> What you will do
Each line of the records that includes "Книга" should be found and copied.

> Available records
______
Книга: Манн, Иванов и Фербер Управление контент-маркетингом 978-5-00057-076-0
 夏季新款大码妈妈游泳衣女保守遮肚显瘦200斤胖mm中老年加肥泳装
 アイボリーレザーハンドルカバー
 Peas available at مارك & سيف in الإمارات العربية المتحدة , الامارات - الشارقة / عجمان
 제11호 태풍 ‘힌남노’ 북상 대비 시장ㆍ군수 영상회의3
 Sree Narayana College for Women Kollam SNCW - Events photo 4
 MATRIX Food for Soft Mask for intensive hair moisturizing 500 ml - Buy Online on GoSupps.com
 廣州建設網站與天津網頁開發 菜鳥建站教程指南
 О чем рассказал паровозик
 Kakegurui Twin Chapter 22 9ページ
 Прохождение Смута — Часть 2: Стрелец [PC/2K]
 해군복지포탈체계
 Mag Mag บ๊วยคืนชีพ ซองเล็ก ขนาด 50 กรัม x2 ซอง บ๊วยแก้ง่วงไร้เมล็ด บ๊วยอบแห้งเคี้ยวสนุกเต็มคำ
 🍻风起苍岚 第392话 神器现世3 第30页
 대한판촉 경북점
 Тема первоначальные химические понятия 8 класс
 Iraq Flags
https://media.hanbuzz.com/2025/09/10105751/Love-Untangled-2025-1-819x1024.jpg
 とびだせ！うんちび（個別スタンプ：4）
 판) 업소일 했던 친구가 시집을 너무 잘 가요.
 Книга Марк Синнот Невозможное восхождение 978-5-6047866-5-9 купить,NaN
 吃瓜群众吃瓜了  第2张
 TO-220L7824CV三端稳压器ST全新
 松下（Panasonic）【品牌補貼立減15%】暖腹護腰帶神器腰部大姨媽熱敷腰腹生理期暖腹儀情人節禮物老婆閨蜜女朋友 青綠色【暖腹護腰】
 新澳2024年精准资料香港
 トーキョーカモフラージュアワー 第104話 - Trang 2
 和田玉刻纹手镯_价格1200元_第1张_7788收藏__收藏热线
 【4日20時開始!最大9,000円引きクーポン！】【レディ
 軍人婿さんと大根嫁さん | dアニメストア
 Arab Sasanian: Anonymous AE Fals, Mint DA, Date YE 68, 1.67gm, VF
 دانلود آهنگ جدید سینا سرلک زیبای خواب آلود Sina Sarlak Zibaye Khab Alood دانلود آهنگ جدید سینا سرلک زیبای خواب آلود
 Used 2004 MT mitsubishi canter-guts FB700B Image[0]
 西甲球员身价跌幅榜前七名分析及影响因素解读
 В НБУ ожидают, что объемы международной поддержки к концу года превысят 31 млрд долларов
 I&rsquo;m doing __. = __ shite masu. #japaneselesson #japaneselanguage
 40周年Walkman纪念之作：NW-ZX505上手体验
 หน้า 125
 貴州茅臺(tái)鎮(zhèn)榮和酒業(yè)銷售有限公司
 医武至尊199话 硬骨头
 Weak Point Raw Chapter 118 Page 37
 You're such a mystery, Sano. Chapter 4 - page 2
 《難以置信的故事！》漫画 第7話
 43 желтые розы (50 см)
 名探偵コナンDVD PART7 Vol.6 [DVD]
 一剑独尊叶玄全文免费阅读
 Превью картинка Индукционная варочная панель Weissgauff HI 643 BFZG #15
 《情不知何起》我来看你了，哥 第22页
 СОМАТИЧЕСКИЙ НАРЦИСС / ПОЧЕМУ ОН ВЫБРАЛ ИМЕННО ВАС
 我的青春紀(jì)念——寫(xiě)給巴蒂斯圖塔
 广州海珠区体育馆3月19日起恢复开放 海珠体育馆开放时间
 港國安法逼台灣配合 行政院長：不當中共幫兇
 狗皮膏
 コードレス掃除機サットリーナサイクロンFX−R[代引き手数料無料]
______
> Written answer
Книга: Манн, Иванов и Фербер Управление контент-маркетингом 978-5-00057-076-0
 Книга Марк Синнот Невозможное восхождение 978-5-6047866-5-9 купить,NaN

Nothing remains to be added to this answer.